2021 Spring Fellow:
Ian Hensley


The Hellenistic Stoics defend a striking combination of claims within their physics, some of which appear to be in tension with others. First, they argue that only bodies can be causes, and all processes and conditions in the natural world result from bodies making contact with each other. However, they also maintain that an omnipresent God exists, and he crafts the world to be as good as possible. Thus, God turns out to be a body, according to the Stoics: he is physically present in the cosmos, and he makes contact with other bodies to carry out his plans. But what kind of body could perform these wide-ranging, divine functions?
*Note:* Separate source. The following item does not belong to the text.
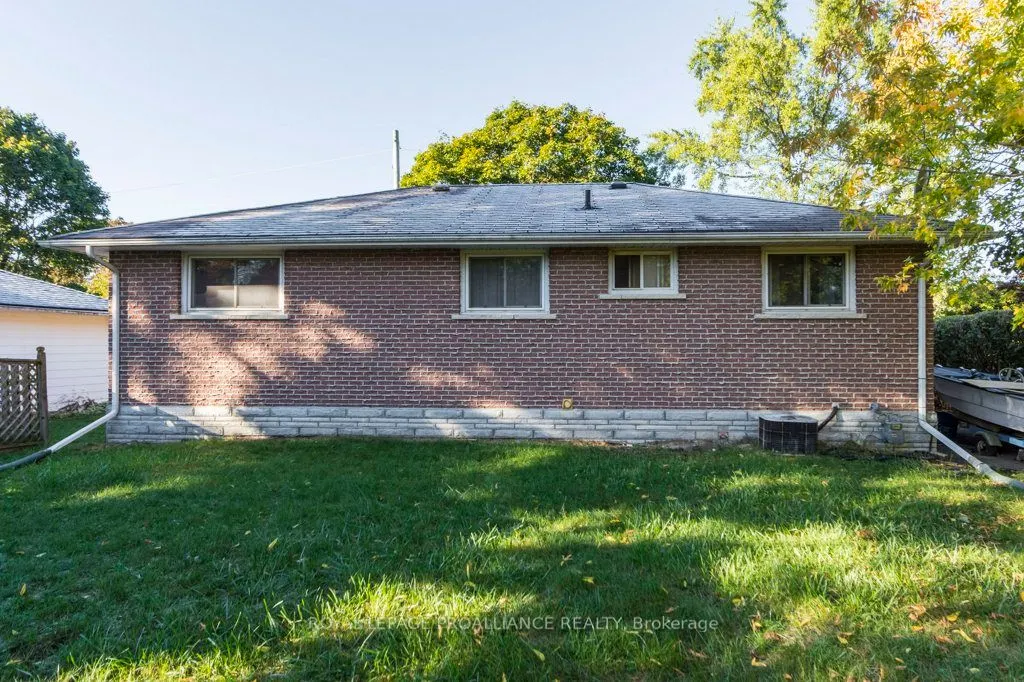 69 Thorncliffe Drive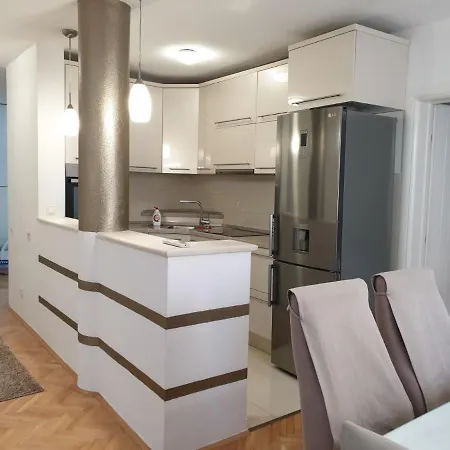 Lux Family Kruna * Mostar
Next, the Stoics maintain that the world is constituted by a single, continuous body, which they sometimes call “primary matter”. This body is eternal, static in mass, and formless in its own nature. However, they also assert that the entire world is an animal, and it undergoes dynamic processes of change and growth. Furthermore, this cosmic animal is composed of innumerable other dynamic parts—including human beings, non-rational animals, plants, and inanimate objects. Thus, on the one hand, the world is stable and completely uniform; on the other hand, it is dynamic and constituted by a variety of objects and processes. How are these claims compatible?

Finally, the Stoics argue that there are four types of incorporeal entities—place, time, void, and “sayables” or lekta. While these incorporeals cannot cause anything, they are metaphysically independent and essential to a complete explanation of the natural world. On the other hand, the Stoics sometimes seem to maintain that bodies are more fundamental than these incorporeals. They say that only bodies exist, while incorporeals merely subsist or obtain. Are the incorporeals meant to be dependent on bodies or less real than bodies, or is this a misinterpretation of Stoic metaphysics?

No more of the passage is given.